La maldición de la ‘banlieue’
Los ataques sufridos por los asistentes a la final de la Liga de Campeones causaron sorpresa en todo el mundo. Salvo en París
Los ataques sufridos por numerosos asistentes a la final de la Liga de Campeones, en el Estadio de Francia, provocaron, además de la lógica desolación entre las víctimas, una notable sorpresa en todo el mundo. Salvo en París. Cualquier parisiense sabe que el imponente estadio no está en la capital, sino en la contigua Saint-Denis, florón negro de la banlieue parisiense. Y que Saint-Denis padece los peores niveles de delincuencia del país. Por supuesto, la mayoría de los agresores eran de origen magrebí: en una ciudad poblada por personas cuya ascendencia o nacimiento se reparte entre más de 150 nacionalidades, los magrebíes constituyen la minoría más numerosa.

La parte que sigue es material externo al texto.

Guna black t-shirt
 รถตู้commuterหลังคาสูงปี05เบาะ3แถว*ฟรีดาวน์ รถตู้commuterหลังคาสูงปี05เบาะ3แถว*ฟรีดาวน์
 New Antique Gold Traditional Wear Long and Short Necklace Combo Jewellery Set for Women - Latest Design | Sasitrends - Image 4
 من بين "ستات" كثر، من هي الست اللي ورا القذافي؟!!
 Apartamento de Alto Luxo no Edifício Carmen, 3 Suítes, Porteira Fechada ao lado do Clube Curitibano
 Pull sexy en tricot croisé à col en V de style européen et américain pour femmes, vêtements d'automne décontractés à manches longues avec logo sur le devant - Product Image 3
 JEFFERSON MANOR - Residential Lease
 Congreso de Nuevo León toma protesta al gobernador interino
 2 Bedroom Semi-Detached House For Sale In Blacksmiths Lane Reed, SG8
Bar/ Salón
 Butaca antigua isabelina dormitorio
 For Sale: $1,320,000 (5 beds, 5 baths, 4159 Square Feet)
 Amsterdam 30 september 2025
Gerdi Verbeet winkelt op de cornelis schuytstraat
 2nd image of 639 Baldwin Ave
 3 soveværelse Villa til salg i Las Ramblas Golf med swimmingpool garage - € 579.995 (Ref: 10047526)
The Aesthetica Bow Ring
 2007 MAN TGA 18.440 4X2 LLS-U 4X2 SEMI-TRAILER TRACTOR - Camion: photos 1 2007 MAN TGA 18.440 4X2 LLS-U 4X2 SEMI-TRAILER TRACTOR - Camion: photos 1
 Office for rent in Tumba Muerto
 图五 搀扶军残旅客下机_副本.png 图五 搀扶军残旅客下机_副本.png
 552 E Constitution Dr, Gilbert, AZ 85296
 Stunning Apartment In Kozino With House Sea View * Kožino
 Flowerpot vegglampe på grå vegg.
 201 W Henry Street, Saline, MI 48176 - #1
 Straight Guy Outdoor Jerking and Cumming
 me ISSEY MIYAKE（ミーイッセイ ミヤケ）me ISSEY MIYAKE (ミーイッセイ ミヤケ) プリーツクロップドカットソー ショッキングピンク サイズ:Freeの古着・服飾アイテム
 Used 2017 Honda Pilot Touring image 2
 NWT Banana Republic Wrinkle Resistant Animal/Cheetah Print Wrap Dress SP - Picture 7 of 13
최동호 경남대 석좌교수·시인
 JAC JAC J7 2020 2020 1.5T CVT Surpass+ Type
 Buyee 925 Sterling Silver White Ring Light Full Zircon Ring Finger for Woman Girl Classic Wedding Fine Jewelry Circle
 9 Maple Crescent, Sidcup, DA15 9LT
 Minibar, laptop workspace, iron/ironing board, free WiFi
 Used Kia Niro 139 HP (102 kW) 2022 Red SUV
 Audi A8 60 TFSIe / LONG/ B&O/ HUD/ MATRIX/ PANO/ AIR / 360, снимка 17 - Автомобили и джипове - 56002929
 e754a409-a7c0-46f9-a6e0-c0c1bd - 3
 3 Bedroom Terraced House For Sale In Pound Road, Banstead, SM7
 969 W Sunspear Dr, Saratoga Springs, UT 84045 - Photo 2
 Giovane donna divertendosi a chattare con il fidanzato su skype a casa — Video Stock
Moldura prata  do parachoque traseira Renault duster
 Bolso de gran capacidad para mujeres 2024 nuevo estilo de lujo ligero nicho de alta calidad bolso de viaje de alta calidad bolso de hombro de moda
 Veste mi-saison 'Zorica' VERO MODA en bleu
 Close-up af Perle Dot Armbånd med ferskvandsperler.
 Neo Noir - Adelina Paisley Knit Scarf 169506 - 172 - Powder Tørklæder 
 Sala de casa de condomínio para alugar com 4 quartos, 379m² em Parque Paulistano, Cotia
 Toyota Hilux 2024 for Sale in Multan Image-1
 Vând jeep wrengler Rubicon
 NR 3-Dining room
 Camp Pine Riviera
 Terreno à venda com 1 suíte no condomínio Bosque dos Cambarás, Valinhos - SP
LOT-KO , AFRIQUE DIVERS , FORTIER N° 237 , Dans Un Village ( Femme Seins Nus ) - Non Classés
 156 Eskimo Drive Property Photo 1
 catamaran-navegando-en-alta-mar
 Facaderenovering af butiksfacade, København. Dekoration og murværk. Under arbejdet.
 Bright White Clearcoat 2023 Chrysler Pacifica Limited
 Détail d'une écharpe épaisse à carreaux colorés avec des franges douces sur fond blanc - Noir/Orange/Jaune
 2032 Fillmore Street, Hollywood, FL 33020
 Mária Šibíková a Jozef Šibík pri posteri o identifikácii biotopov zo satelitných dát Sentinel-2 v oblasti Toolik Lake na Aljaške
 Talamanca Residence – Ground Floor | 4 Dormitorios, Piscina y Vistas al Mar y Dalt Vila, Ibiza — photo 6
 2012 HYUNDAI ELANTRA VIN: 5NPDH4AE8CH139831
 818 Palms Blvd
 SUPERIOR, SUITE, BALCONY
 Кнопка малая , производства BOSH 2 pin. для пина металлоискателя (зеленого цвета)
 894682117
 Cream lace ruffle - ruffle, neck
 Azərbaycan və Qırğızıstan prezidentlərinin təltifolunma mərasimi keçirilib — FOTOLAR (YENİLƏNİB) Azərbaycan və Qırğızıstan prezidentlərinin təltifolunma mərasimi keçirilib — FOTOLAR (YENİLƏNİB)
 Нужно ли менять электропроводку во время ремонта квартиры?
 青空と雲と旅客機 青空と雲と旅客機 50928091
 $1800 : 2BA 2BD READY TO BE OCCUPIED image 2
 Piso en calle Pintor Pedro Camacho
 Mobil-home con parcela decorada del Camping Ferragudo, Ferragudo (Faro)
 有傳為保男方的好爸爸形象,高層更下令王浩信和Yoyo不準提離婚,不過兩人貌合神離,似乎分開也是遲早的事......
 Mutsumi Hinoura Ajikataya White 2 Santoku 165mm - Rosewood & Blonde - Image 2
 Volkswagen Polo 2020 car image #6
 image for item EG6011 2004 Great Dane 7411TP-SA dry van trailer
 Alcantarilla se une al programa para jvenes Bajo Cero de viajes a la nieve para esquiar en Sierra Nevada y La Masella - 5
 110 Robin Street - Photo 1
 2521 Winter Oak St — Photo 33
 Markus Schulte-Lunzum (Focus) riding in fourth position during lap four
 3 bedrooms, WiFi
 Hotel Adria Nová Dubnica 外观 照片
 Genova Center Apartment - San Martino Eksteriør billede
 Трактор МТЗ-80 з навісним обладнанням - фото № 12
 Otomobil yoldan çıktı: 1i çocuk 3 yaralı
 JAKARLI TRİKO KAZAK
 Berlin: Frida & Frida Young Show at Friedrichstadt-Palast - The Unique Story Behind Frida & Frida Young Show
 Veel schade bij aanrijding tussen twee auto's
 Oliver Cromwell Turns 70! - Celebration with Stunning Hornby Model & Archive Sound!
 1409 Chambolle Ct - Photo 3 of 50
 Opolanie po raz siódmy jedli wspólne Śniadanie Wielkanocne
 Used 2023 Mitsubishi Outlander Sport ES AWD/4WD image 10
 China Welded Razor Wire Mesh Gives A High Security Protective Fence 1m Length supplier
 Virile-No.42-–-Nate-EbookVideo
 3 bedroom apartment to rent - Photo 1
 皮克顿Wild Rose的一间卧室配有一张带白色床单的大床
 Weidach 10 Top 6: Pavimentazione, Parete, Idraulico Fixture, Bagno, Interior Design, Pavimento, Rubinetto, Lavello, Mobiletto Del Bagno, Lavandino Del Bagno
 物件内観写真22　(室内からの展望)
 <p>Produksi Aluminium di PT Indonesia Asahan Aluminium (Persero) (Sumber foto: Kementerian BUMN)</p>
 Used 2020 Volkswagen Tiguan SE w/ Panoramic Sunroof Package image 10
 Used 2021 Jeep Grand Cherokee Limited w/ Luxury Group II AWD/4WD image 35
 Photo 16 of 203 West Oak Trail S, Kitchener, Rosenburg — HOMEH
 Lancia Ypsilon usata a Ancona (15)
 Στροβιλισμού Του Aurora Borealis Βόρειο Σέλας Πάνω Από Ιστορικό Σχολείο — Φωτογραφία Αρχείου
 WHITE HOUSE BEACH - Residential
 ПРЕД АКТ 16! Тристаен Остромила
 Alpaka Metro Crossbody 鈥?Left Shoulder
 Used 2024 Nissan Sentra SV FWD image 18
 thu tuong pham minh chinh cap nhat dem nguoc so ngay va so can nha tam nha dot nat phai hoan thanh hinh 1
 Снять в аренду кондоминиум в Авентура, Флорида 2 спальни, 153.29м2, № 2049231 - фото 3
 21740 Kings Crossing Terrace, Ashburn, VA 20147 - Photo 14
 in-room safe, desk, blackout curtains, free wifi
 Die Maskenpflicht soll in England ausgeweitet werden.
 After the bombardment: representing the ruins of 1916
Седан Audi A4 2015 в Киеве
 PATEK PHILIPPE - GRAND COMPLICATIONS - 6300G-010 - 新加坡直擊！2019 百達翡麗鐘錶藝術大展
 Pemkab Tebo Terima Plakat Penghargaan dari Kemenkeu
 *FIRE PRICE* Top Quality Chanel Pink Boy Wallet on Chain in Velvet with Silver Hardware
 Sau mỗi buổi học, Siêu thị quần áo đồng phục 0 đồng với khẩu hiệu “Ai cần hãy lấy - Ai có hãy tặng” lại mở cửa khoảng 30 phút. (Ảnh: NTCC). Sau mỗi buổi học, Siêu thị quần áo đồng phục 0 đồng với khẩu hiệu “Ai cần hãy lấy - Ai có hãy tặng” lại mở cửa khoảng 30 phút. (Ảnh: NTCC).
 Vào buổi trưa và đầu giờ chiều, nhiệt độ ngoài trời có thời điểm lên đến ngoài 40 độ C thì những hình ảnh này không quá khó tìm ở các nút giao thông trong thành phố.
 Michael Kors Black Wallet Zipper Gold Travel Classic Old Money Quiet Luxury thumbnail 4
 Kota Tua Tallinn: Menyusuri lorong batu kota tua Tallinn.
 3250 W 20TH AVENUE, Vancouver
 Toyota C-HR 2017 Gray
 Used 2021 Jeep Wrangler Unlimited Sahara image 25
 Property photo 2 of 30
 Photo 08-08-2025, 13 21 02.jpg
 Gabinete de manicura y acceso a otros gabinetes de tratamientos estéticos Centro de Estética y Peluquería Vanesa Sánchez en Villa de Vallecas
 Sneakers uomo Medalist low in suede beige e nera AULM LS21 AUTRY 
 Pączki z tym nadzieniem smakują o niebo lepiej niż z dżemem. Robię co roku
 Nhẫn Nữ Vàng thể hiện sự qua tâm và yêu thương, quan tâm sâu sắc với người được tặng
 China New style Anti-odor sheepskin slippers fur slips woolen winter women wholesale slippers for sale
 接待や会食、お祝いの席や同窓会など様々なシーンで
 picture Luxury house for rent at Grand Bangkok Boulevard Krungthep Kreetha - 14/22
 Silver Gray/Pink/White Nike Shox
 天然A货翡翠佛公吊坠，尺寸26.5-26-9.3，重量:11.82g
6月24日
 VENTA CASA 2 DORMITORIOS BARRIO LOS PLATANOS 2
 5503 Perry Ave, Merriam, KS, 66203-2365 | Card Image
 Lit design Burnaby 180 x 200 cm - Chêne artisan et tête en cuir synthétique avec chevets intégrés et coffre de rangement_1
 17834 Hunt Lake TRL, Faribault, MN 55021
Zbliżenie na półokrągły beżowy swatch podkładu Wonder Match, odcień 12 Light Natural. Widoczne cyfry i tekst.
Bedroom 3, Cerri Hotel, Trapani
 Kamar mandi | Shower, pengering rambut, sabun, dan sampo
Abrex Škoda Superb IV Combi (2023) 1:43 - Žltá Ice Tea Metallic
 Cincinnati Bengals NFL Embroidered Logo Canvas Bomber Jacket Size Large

Resulta fácil establecer una equivalencia entre los problemas de la denostada banlieue y la inmigración argelina y marroquí. Pero es falso. La banlieue se convirtió en un lugar maldito ya a finales del siglo XIX.
La palabra banlieue, de origen medieval, denomina los asentamientos cercanos a la ciudad pero no pegados a las antiguas murallas (eso serían los faubourgs), sino a una distancia de una legua (“lieu”) o más. Hasta la mitad del siglo XIX, esos lugares a una legua (cuatro kilómetros) de París estaban constituidos por pequeñas poblaciones rurales, huertos, campo y las mansiones de veraneo de los burgueses parisienses. Las primeras líneas férreas se crearon para comunicar esas segundas residencias con la capital.
El asunto cambió en la segunda mitad del XIX, cuando Georges-Eugène Haussmann emprendió, por orden de Napoleón III, la gran reforma de París. Haussmann tenía dos objetivos: impedir nuevas revoluciones con grandes avenidas inadecuadas para las barricadas, pero óptimas para las cargas de caballería, y sanear una ciudad de estructura medieval y literalmente podrida. ¿Qué pasó con toda la pobreza que vivía en aquel París siniestro? Fue expulsada manu militari hacia la banlieue, identificada desde entonces como un lugar de exilio forzoso.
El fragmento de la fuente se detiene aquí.